A Vision For Toronto



PAVED WITH DREAMS: The Gardiner Expressway, which cuts the waterfront off from downtown, could face demolition.

Bread-and-butter transit favoured over grandiose plans

By Paul Moloney
Toronto Star City Hall Bureau

Forget fancy monorails. Think rolling stock: Buses, subway cars, GO trains.

The burgeoning transportation needs of a renewed waterfront call for the old-fashioned bread-and-butter equipment that works, transit officials say.

There’s no need to try to impress international Olympics honchos and the rest of the world with innovative technology, TTC chair Howard Moscoe said.

“Originally, (Olympic bid backers) were proposing some kind of elevated monorail,” Moscoe said in an interview. “Anybody can sit down with the back of an envelope and come up with grandiose ideas.

“But it doesn’t have to be a sexy, fancy thing that eats funding. We need basic transit that benefits our riders rather than being stuck with fancy toys.”

Major improvements to transportation form a key ingredient of a massive overhaul of Toronto’s waterfront being recommended by financier Robert Fung, whose report is to be released Monday.

Fung’s task force believes the investments should be made, even if the city’s Olympic bid is unsuccessful. But he and others also believe the Games bid acts as a catalyst to make changes.

Because the Games would see transit use spiral to 2.8 million rides daily from 1.2 million, the TTC proposes accelerating the purchase of subway cars and buses.

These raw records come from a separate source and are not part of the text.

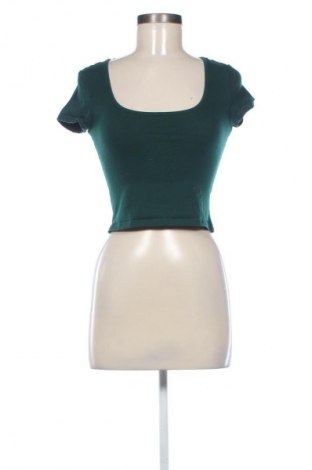 Dámská halenka H&M Divided, Velikost S, Barva Zelená, Cena  241,00 Kč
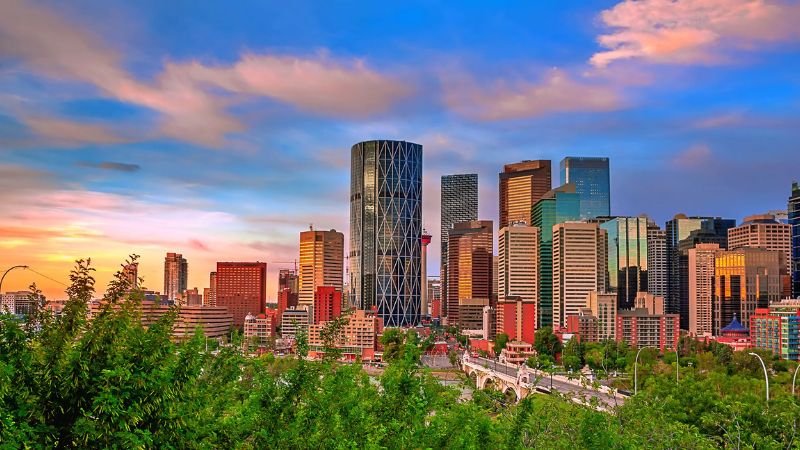 How Smart Budgeting Drives Innovation in Calgary’s Tech Scene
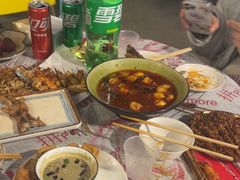 -小乾杯串店•16年沈阳烧烤(文安路店)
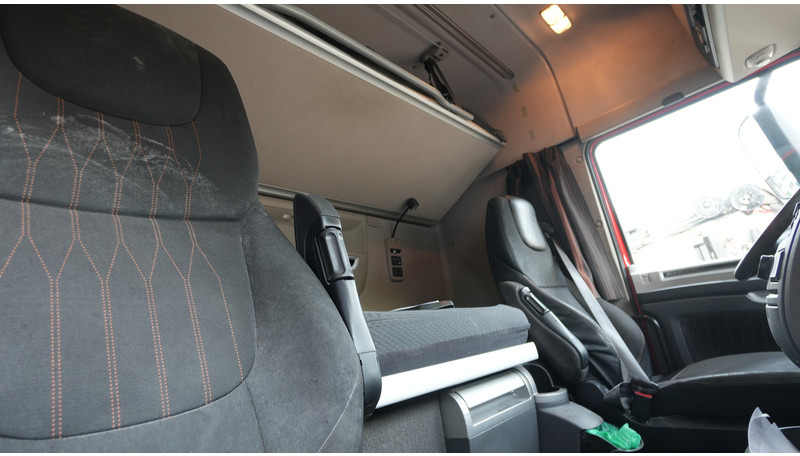 Tracteur routier DAF XF 450 SC 496.000KM: photos 6 Tracteur routier DAF XF 450 SC 496.000KM: photos 6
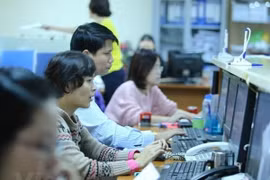 State Treasury raises 1.8 trillion VND via G-bond auction 
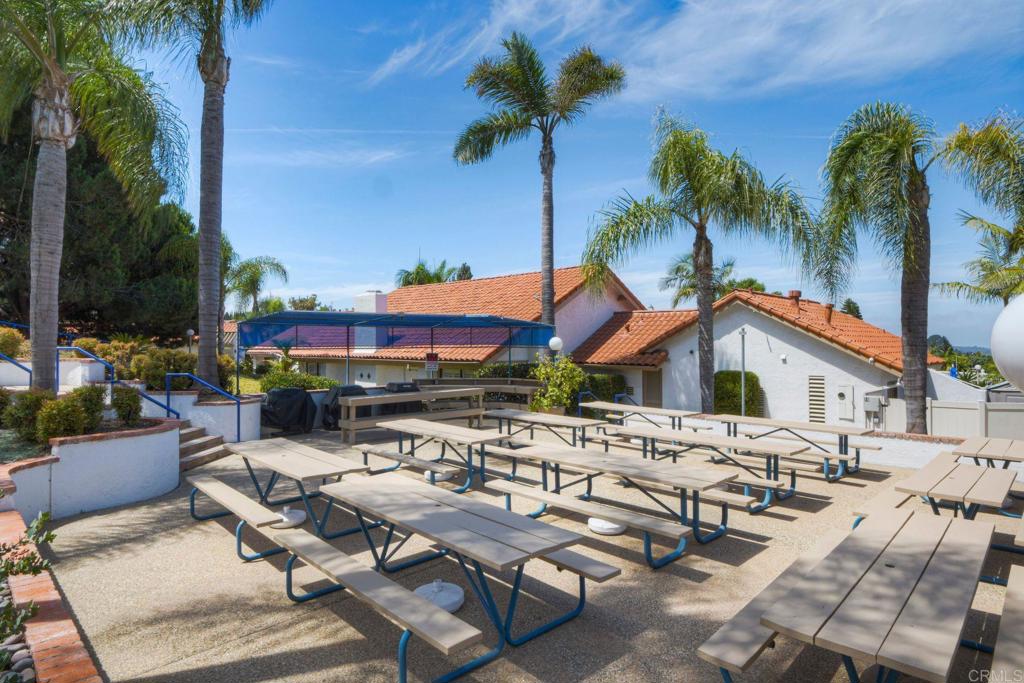3579 Twilight Lane Oceanside, CA 92056 - Photo 29 of 30 a view of a patio with couches and a fire pit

Specifically, it wants to advance the purchase of 365 buses the system will need anyway, at a cost of $212 million, and speed up buying 80 subway cars for $180 million.

At GO Transit, the story is the same. It needs more equipment to handle continuous growth and Olympics duties, including moving 50,000 people an hour by train from Union Station to the proposed Cherry St. Olympics site.

GO is looking for 18 additional trains - costing $475 million - to bring the strength up to 50 trains, and big bucks for new facilities to remove rail corridor bottlenecks.

Changes needed to Union Station alone come in at $168 million - $100 million to increase GO train capacity, $58 million for a second subway platform and $10 million for a new bus terminal.

“We’ve got no money committed to do any of this,” said GO Transit planning manager Mike Wolczyk. “The municipalities (which subsidize GO) can’t afford it. The feds and the province would have to be involved.”

Fung’s task force supports improvements to Union Station and sees the intermodal station as critical to the movement of people across the GTA.

The task force is also expected to back a rapid transit link to the airport.

If there’s to be a signature project that transforms the waterfront, it would be tearing down the Frederick G. Gardiner Expressway.

The costs are staggering - $1.2 billion to remove the eight-kilometre elevated roadway.

A dream for many years, the project will get a major boost now that it’s being backed by the Fung task force.

“Everybody who’s ever looked at the waterfront has recommended (demolition)” said Councillor Jack Layton (Don River). “This can’t hurt.”

The city is poised to begin removing the most eastern stretch of the highway, from the Don Valley Parkway to Leslie St.

Sources say Fung wants to replace the elevated portions with a broad boulevard, like University Ave. Sections, around Fort York, for example, would be buried.

“The key thing is to establish the will to do it,” Layton said.